Oh the glorious sounds of shiny, happy, synth-washed musical excess.

Sounding like the aural equivalent of a deep dive into a candy shop full of bright stripy candy canes, sugar0dusted jubes, and luminously colourful boiled lollies, Empire of the Sun’s Ice on the Dune summons the kind of joyful exuberance and lost-in-the-moment bliss I thought lost to childhood.

Far from being the icy confection that its title, and cover art suggests, it is a warm, vibrant collection of four-to-the-floor songs that, while tending to sound just a little too similar to each other at times, all bowing to varying to the same 80s god of retro-electro pop, nevertheless leads you into rapturously gooey warm and fuzzy giant-smiley-face territory.

And frankly that isn’t a bad thing, trust me.

Granted it may not be quite as ground breaking as 2008’s Walking on a Dream but Luke Steele (The Sleepy Jackson, he of the dramatic white eyes and towering flowery silver face mask, and Mike Littlemore (Pnau) but what it may lack in outright exciting originality, it makes up for in songs that soar, and swoop, rich with exultant melodies and airy, falsetto vocals that sound as otherworldly as the mythos underpinning their latest effort.

 

(image via stereogum.com)

 

Yes, this ethereal bunch of feel happy tunes – it is near impossible to listen to the anthemic shout-out-loud lead single “Alive” or the jump-up-and-down bounce of “Celebrate” or the haunting Belinda Carlisle-esque “I’ll Be Around” with its whispered, rich harmonies, and not grin like a divinely-attired madman – comes with it’s own slightly loopy but charming reason for being and it’s as grandiose as the songs themselves.

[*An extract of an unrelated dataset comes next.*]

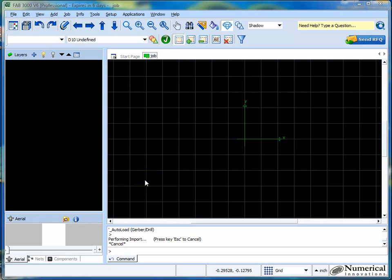All right, in this tutorial movie we're going to show three different ways that you can step and repeat a board. This is just simple methods. FAB 3000 does support a lot more integrated step and repeats and panelization, but the main thing is to get the ball rolling by finding the easiest way to accomplish what you require.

According to Luke Steele, who has yet to meet an eccentric artistic statement he didn’t like (a blessing in a modern pop landscape where we need the unusual and left-of-centre more than ever), Ice on the Dune is all “about how the Emperor’s head-dress is stolen by The King Of Shadows, bringing chaos to the world”.

It doesn’t matter if that nonsensical very short story is little more than a broadly themed excuse for outrageous costumes, shimmery bright pop and a flamboyant onstage presence; Ice on the Dunes is an album that proudly wears its candy-coated shiny, over the top pop stylings proudly, and having its very own fantastical theme is merely the bright red glacé cheery on an enormously sweet, gloriously camp pop cake.

I plan on having as large a slice as possible, as often as I can, ridiculously happy grin very much in place, thanking the candy gods that Empire of the Sun isn’t afraid to go all out in pursuit of quirky, uplifting pop perfection.